The record shows that this ground of defense was not brought to the consideration of the circuit court; we do not, therefore, feel ourselves at liberty to express any opinion upon the question. chanrobles.com-red

Page 42 U. S. 188

Again, it is insisted the original arrangement made between the plaintiffs and Thorn in March, 1831, was subsequently, in the spring of 1834, abandoned and deserted, and in the autumn following a new and inconsistent one, enlarging the credits to be given and diminishing the security, was made rendering notice to the defendant necessary, but to which no notice could have given legal effect to charge the defendant for subsequent credits.

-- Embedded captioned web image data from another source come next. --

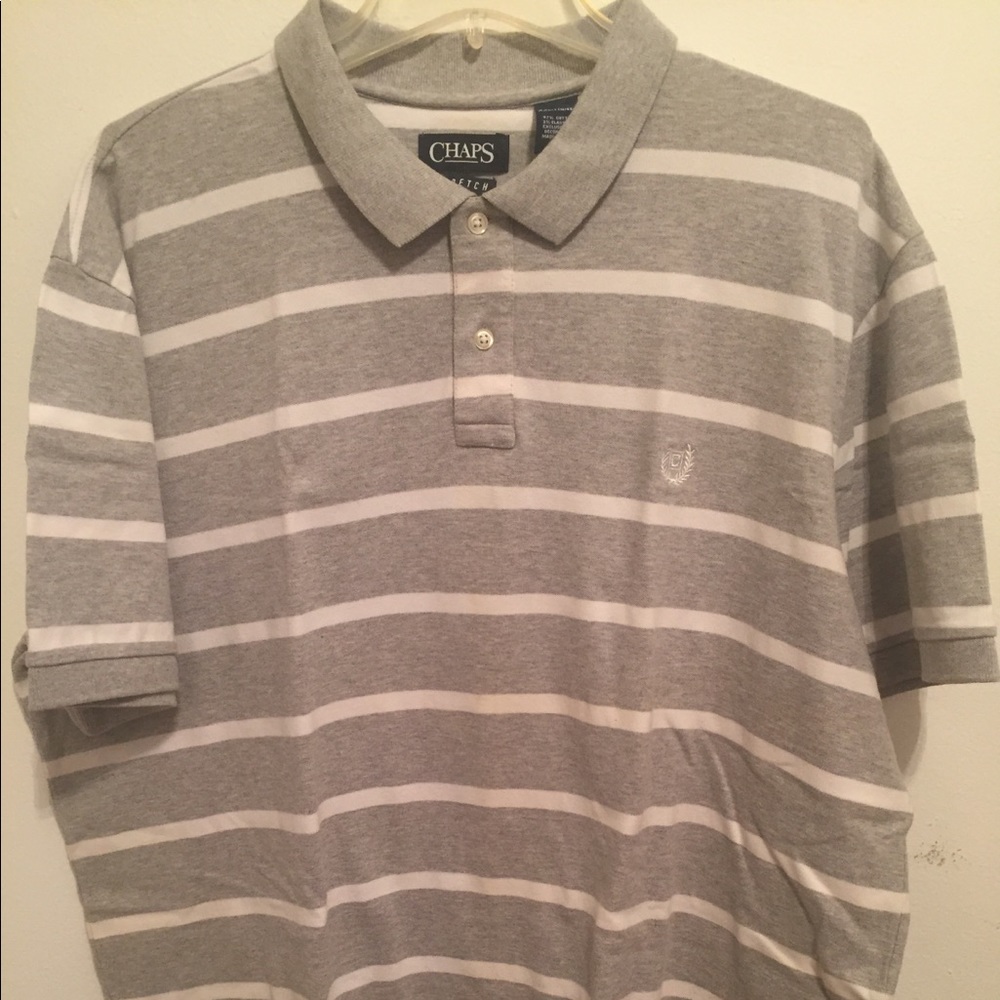 Chaps XXL Polo Short Sleeve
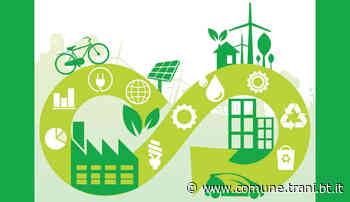 PNRR PER L'ECONOMIA CIRCOLARE, TRANI CANDIDERA' ALMENO ALTRI 4 PROGETTI - Città di Trani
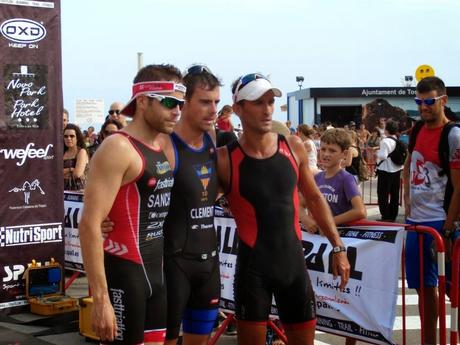 TRIATLÓN TOSSA DE MAR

To this and all other questions raised here on which the court below was not called to express any opinion we can only give the same answer given to the next preceding supposed ground of defense.

It is ordered that the judgment of the circuit court be reversed and the cause remanded for another trial thereof.

Order

This cause came on to be heard on the transcript of the record from the Circuit Court of the United States for the Southern District of New York, and was argued by counsel. On consideration whereof, it is now here ordered and adjudged by this Court that the judgment of the said circuit court in this cause be and the same is hereby reversed with costs, and that this cause be and the same is hereby remanded to the said circuit court, with directions to award a venire facias de novo.